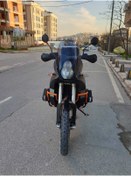 Resim MOTOCAM KTM 990 Adventure Ön Cam 2015 2018 Model 52cm Açıkfüme Renkli 4mm 
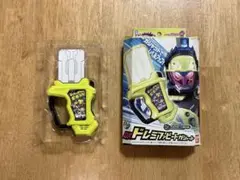 DXドレミファビートガシャット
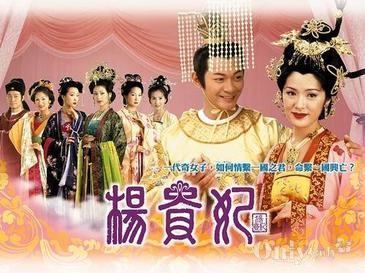 The Legend of Lady Yang httpsuploadwikimediaorgwikipediaenaa2The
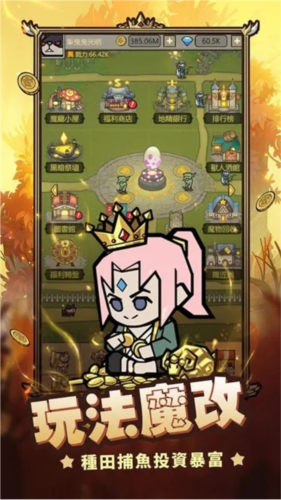 转生成为魔物2024官方版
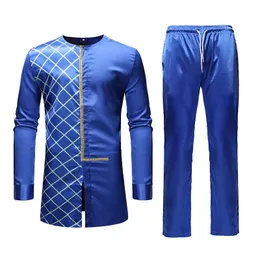 メンズサテン格子ソリッドカラーミッドレングスエスニックプリントカジュアルデイリー伝統的な男性服のための長袖セット240426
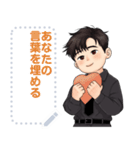 Message Stickers (Alun 3) JP（個別スタンプ：7）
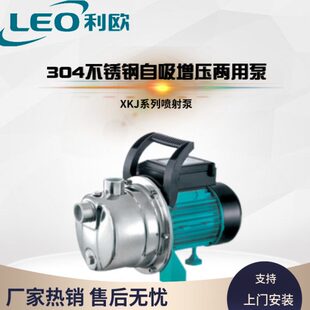 804S不锈钢喷射泵家用增压泵自来水管道加压泵自吸泵 利欧水泵XKJ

· · ·

## ACTIVITY
Across the whole listing, reproduce each line verbatim and exclude every picture.

## SOLUTION TO THIS EXERCISE
 Resim MOTOCAM KTM 990 Adventure Ön Cam 2015 2018 Model 52cm Açıkfüme Renkli 4mm 
 DXドレミファビートガシャット
 The Legend of Lady Yang httpsuploadwikimediaorgwikipediaenaa2The
 转生成为魔物2024官方版
 メンズサテン格子ソリッドカラーミッドレングスエスニックプリントカジュアルデイリー伝統的な男性服のための長袖セット240426
 Message Stickers (Alun 3) JP（個別スタンプ：7）
 804S不锈钢喷射泵家用增压泵自来水管道加压泵自吸泵 利欧水泵XKJ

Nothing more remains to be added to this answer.